Este modelo empezó a deshilacharse a partir de los años 1980, y ahora parece haberse desmoronado. La razón se puede expresar en una palabra: globalización.
La economía mixta de posguerra se creó y operó a nivel de los estados naciones, y exigía mantener a raya a la economía internacional. El régimen de Bretton Woods-GATT demandaba una forma "superficial" de integración económica internacional que implicaba controles a los flujos internacionales de capital, que Keynes y sus contemporáneos habían considerado cruciales para la gestión económica interna. A los países se les exigía acometer una liberalización comercial sólo de manera limitada, con muchas excepciones para los sectores socialmente sensibles (agricultura, textiles, servicios). Esto los dejó en libertad de construir sus propias versiones de capitalismo nacional, siempre que obedecieran unas pocas reglas internacionales simples.
La crisis actual demuestra cuánto nos hemos alejado de aquel modelo. La globalización financiera, en particular, hizo estragos con las viejas reglas. Cuando el capitalismo al estilo chino se topó con el capitalismo al estilo norteamericano, con pocas válvulas de seguridad en funcionamiento, se generó una mezcla explosiva. No había mecanismos de protección para impedir que se desarrollara un exceso de liquidez global y luego, en combinación con las fallas regulatorias de Estados Unidos, que se produjera un espectacular apogeo y derrumbe inmobiliario. Tampoco había ninguna barricada internacional que impidiera que la crisis se propagara desde su epicentro.

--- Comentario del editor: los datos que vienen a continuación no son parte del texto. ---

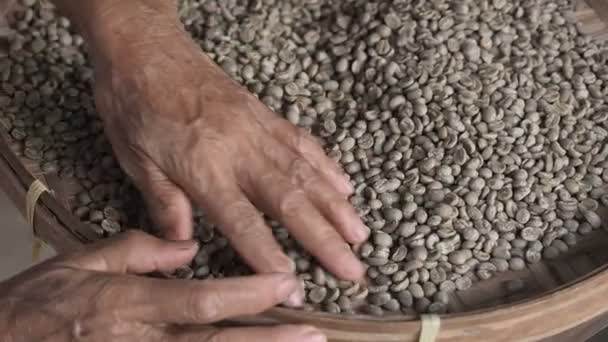 Kezében egy idős nő válogatás révén Arabica kávébab, minőség-ellenőrzés és a kiválasztás a kávé ültetvény gyár Délkelet-Ázsiában. fizikai munka a kávé begyűjtésében és feldolgozásában. Szerves — Stock videók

La lección no es que el capitalismo está muerto. Es que necesitamos reinventarlo para un nuevo siglo en el que las fuerzas de la globalización económica son mucho más poderosas que antes. De la misma manera que el capitalismo mínimo de Smith se transformó en la economía mixta de Keynes, necesitamos contemplar una transición de la versión nacional de la economía mixta a su contraparte global.
Esto implica imaginar un mejor equilibro entre los mercados y las instituciones que los respaldan a nivel global . A veces, esto demandará extender las instituciones fuera de los estados naciones y fortalecer la gobernancia global. Otras, implicará impedir que los mercados se expandan más allá del alcance de las instituciones que siguen siendo nacionales. La estrategia correcta diferirá entre los grupos de países y entre las áreas en cuestión.
Diseñar el próximo capitalismo no será fácil. Pero tenemos a la historia de nuestro lado: la gracia salvadora del capitalismo es que es casi infinitamente maleable.